“Zamanın Dokusu” adlı sergi, zamanı geleneksel kronolojik çerçevenin ötesine taşıyarak onu uzayla örülmüş dinamik bir yapı olarak yorumluyor. Albert Einstein’ın görelilik kuramından esinlenen sergi, zamanı yalnızca bir ölçüm aracı değil, aynı zamanda geçmişle geleceğin iç içe geçtiği, deneyimlenen bir varoluş biçimi olarak konumlandırıyor.
Sergide, izleyiciye zamansal bir yolculuk sunmak amacıyla “solucan deliği” metaforu öne çıkarılıyor. Eserler, izleyicinin fiziksel hareketiyle etkileşim kurarak zamanın göreceli ve algıya bağlı doğasını sorgulatıyor. Optik illüzyonlarla desteklenen bu deneyim, sabit bir "şimdi" anlayışını kırarak belleğin zamanı nasıl inşa ettiğine dair düşünsel bir zemin oluşturuyor.
Kuantum mekaniğinden de ilham alan sergi, parçacıkların üst üste gelebilme ve nedensellik öncesi var olabilme durumlarını merkeze alarak, lineer zaman algısının geçerliliğini tartışmaya açıyor. Bu bağlamda, zamanın epistemolojik statüsü, sanat yoluyla yeniden değerlendiriliyor.
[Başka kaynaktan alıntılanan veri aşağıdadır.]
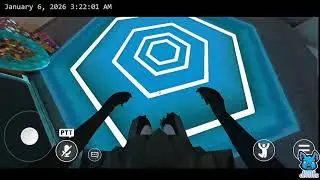 Never tried VR Chat. Let's see how this goes.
“Zamanın Dokusu”, evrenin tekil ve bölünmez bütünlüğünü sezdirme çabasının bir parçası olarak, izleyiciyi hem felsefi hem de duyusal bir keşfe davet ediyor. Zamanı, uzay-mekân içinde sınırsız bir devinim ve olasılıklar alanı olarak yeniden tanımlayan sergi, algı ve gerçeklik arasındaki ilişkiyi sorgulamak isteyen ziyaretçilere açık.